The names were out of phase a bit because the initial NVLink 1.0 that debuted
with the “Pascal” P100 GPUs back in 2016 did not have a switch but rather used
a mesh interconnect to share memory across the Pascal GPUs. The names were of
the ports and switches were lockstepped with the Blackwell B300 GPUs (I think)
and going forward the chip and port generations are names in synch. Like this:

There
are many ways the NVSwitch memory fabric ASICs can be enhanced, but I think it
is safe to say that the radix – the number of ports per ASIC – is getting to be
too low and I think there is a more than even chance that Nvidia will start
thinking about not chiplets but waferscale designs for ASICs. (And might even
do that for future Groq LPUs, now that I think on it.) These would not have to
be full wafer scale, but it would mean doing away with the C2C interconnects
everywhere as well as all of the buffering that needs to be done as data moves
from one chip through the C2C interconnects and to the adjacent chips. (This
what we think secretive
networking chip startup Eridu is already working on, and Cerebras has shown
how it works well for parallel compute.)

Suffice
it to say, NVLink 6 ports on the Rubin GPUs will double to their bandwidth over
NVLink 5 ports, to 3,600 GB/sec, and they will double yet again with the Rubin
Ultra GPUs, which stands to reason given the performance doubling and the HBM4
memory bandwidth almost tripling between Rubin and Rubin Ultra.

In
the Rubin generation, the Spectrum-6 Ethernet ASICs will have co-packaged
optics, and that generation of 102.4 Tb/sec switches will also support the
scale out network needs of the Rubin Ultra systems.

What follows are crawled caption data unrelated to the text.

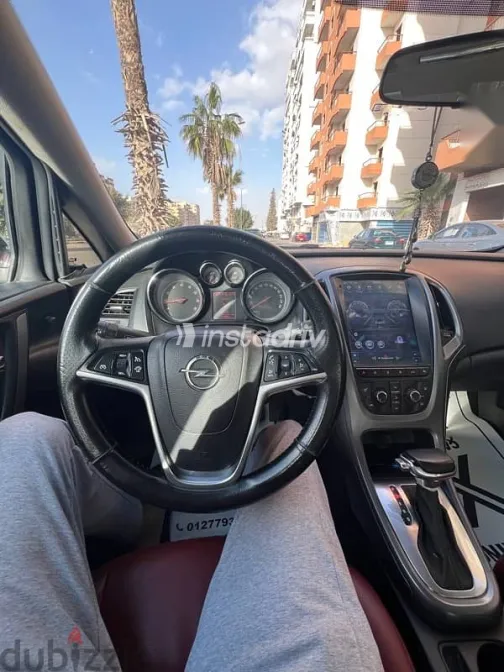 Opel Astra 2018 Brown Used for Sale - 9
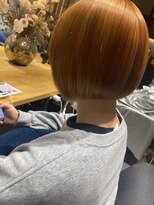 ディグニフ(DIGNIF)&nbsp;オレンジ×切りっぱなしボブ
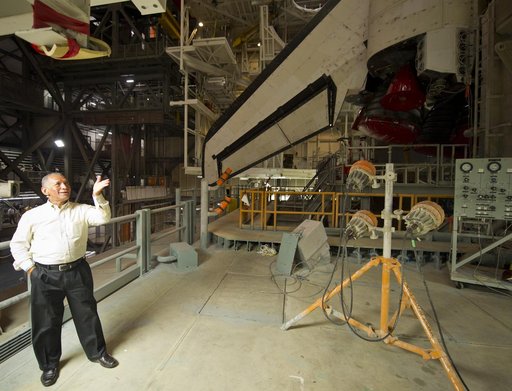 Atlantis STS-135 Rollout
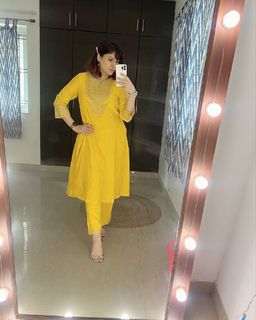 Sherin Shringar feet photo 10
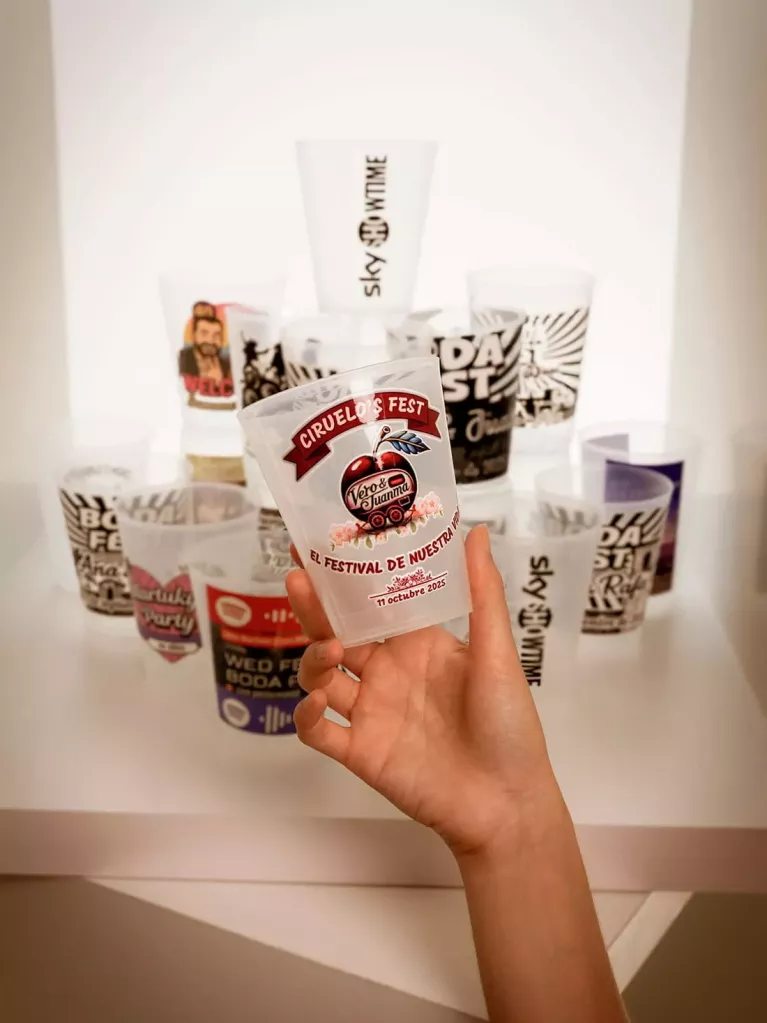 vasos de plástico con diseño a todo color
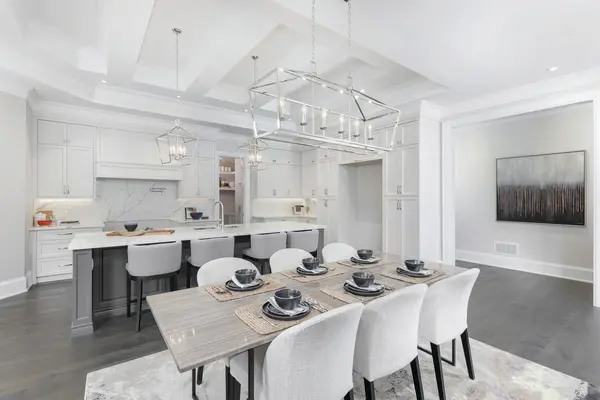 33 Newton Reed CRES, Uxbridge, ON L9P 0R3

The 2027 Rubin Ultra product
line will see the Groq LP35 chip get FP4 floating point processing in the NVFP4
format so it matches the precision of the Blackwell and Rubin GPUs. And with
the Groq LP40 compute engine coming in the Rosa-Feynman systems in 2028, NVLink
ports will be added so the Groq engines so they can have memory coherency with
the Rosa Arm server CPUs (named after Rosalyn Sussman Yalow, a Nobel Prize
winning medical physicist who developed the radioimmunoassay method of
detecting tiny amounts of chemicals in blood or tissue) and with the Feynman
GPUs (named after famous physicist and bongo player Richard Feynman).

You
will see in the roadmap that in 2028 Nvidia will add CPO to NVLink 8 ports and
presumably for the other end at the NVSwitch ASIC. While we are always pushing
for compute engine makers to do CPO on their devices, they can be copper on
that end with a multitier network of switch ASICs using CPO on the other side.
You do not have to have CPO on both sides. (Nvidia seems to be using NVSwitch
and NVLink loosely in this chart, so be careful.) We think that CPO for
NVSwitch is interesting because it will allow for fast, high-bandwidth, two-tier
NVSwitch networks to create larger GPU compute memory domains for models to
play in.

With
Hopper GPUs, the official scalability was eight GPUs with linked memory, but
the unofficial scalability was 256 GPUs using a two tier network. With
Blackwell, the official GPU memory domain size is 72 GPUs, but with multiple
tiers of NVSwitch, it can, in theory, be boosted to 576 GPUs. The Kyber racks,
which cram twice as many GPUs on vertical sleds and have a copper backplane,
the rackscale domain will be 144 GPUs. Eventually, with the advent of NVSwitch
8 CPO (I know the chart says NVLink 8 CPO), the single rack will remain at 144
GPUs, but across a multitier network (we think two tier, but we can’t know that
without knowing the radix of the NVSwitch 8 device) Nvidia will have a domain
size of 1,152 GPUs.

Decades
ago, Cray supercomputers had copper backplanes in the rack and optical links
coming off their routers to interlink the racks. We suspect that Nvidia will do
much the same. The rule is always: Copper when you can, optics when you must,
and that is an economic rule as much as a technical one. But, with Nvidia
accounting for such a large share of AI systems investment, if any workload can
get CPO to ramp up in volumes and therefore push down unit prices, it is GenAI
inference, and if any company can drive that effort and coordinate it across a supply
chain, it is Nvidia. One might argue that only Nvidia can make this happen, and
if it does, all systems will benefit.

The
factor of 16X more GPU sockets combined with the performance increases expected
with the Feynman GPUs – all Nvidia is saying is that it will have die stacking
and custom HBM memory with this generation of chips – will result in a massive
throughput boost for CPU-GPU hybrid systems.

If
the die stacking is just for SRAM cache (which is relatively easy to do), that
still allows for more 2D GPU cores to be added to a socket. Nvidia will
probably move to 2 nanometer processes or smaller for Feynman, which also means
a move to gate all around (GAA) transistors and the High NA EUV process, which
also means the maximum reticle size moves from 858 mm2 to 429 mm2 because the
chips can only be half as tall. So whatever Feynman is or isn’t, it will have
at least eight GPU chips in a socket compared to the four chips in a Rubin
Ultra socket and use the process shrink to add more circuitry.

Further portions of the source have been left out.